Gehry’s approach suggests the deplorable illiteracy surrounding American history continues apace. It’s been 60 years since Eisenhower was elected president and most Americans today have no living memory of him, his presidency, or his war service.
However, Dwight Eisenhower, a Republican, was a pivotal figure in my longstanding Democratic family. Both my father’s family in Brooklyn, and my mother’s in Chicago came from immigrant communities traditionally dependent on the local Democratic Party for assimilation and success. In those neighborhoods during the Depression and later on, Republicans were as scarce as Martians. All my family, aunts, uncles, and cousins were traditional “New Deal Democrats”. At the holidays, the discussion was always Democratic Party politics and candidates. There was never dissent.
Yet one day as a youngster, I remember someone observing during a family function that nobody in our family had ever voted for a Republican. My father quietly contradicted, “I voted for Eisenhower for president.”
Everyone was aghast at this heresy. Someone asked how he could vote for Eisenhower over Adlai Stevenson, the urbane, articulate intellectual confidant of the revered Eleanor Roosevelt.
He replied simply, “Because he was my commanding officer.”
My father was one of the first to land on Normandy Beach on D-Day, the largest amphibious military operation in history, and Eisenhower was responsible for every detail of its success or failure. He had to decide to launch the assault in the face of storms and parlous conditions with crack German troops defending the shore. My father was injured and lost many friends and comrades during the incredibly risky military venture but he never lost his respect for Dwight Eisenhower.
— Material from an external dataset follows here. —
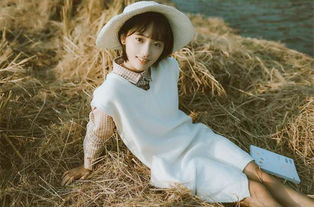 如保挽回前男友,如何成功挽回前男友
After shocking the family, he recalled his personal encounter with Eisenhower. One morning, Eisenhower showed up unexpectedly at my father’s encampment. Here was the most important American soldier of the war, accompanied by only a small retinue, preparing to enter their tent and discuss matters with the senior officer. Every man stood at attention in disbelief. Suddenly a sentry, a mere private, stopped the Supreme Allied Commander. He requested Eisenhower’s identification before allowing him to pass. Eisenhower said nothing, provided some identification from his pocket to the sentry who checked it and allowed him to enter according to protocol.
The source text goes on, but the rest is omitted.